Rendering a texture with a 'baked UI' to the framebuffer might be "just about as expensive" as rendering the detailed UI elements directly to the framebuffer.
Processing a pixel isn't inherently cheaper than processing a vertex, but there are a lot more pixels than vertices in typical UIs (a baked texture might still win when there's a ton of alpha-blended layers though).
Also, of course you'd also need to aggresively batch draw calls (e.g. Dear ImGui only issues a new render command when the texture or clipping rectangle changes, e.g. a whole window will typically be rendered in one or two draw calls).
What are you even basing this on? I did an experiment a few days ago, where a text input on a web page reacts to text input. Once it hits a certain count, the colour changes, like a validation error.
In the initial crappy implementation the code was assigning the same class over and over to the text input, rather than only when required.

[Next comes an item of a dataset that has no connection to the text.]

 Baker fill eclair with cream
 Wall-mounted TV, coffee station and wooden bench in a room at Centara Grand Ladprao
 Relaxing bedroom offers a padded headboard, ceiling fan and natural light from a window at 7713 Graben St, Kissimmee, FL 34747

Despite that being an obvious bug, I could literally feel the difference in typing speed and how that was hammering the page.
Once the bug was fixed, and it only assigned it once correctly, the problem went away.

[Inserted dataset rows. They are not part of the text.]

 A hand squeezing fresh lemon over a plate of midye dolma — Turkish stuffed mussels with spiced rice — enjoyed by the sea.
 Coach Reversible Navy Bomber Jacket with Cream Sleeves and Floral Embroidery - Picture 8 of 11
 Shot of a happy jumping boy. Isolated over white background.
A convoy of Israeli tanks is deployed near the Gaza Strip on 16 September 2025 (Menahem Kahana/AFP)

"redraw everything the whole frame" and "don't do any diffing" sound insane in this regard.
> "redraw everything the whole frame" and "don't do any diffing" sound insane in this regard.

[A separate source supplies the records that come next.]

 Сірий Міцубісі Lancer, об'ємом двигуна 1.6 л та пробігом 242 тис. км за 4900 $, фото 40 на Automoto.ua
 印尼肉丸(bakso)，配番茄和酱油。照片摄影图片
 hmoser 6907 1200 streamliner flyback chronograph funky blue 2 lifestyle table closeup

You need to consider that a web browser with its millions of lines of code in the DOM and rendering engine is pretty much the worst case for "redrawing a complex UI each frame". Add React on top and the whole contraption might still be busy with figuring out what has changed and needs to be redrawn at the time an immediate mode UI sitting directly on top of a 3D API is already done rendering the entire UI from scratch.
A native immediate mode UI will easily be several hundred times less code (for instance Dear ImGui is currently just under 50kloc 'orthodox C++').
> While it’s far from perfect, writing it taught me more about UI systems than I ever would have learned by sticking to established solutions alone.
This is a great attitude to have. Keep up the great work.
Had a similar itch during my game development with libgdx, and had almost same architecture eventually
I found that I have two different ways to construct UI layout , from top down, and from down to top, those could be contradictory, wonder how one could solve this, seems like common problem in all frameworks that I saw, like flutter just fail with error on screen if it can't solve restrictions in such conflict , others just show jiberish
rectcut is a good API for layout if you have a fixed viewport (eg eink display)
the API is a very simple one where you slice parts off an initial Rect. the only feature it provides is that it tracks (x, y, h, w) for you.
it doesn't work well with intrinsic sizes - it's more of a top down, fixed size thing.
I actually use a very similar paradigm successfully in a game [1] whose (immediate-mode) UI is fully responsive. I allow more operations than just cutting to do that, but the basic idea seems to be the same. The code may look like a bit of a mess at a first glance [2], but I still find it easier to work with and make it do what I actually want with some very basic vector maths, than with the layout-container rules of most UI frameworks.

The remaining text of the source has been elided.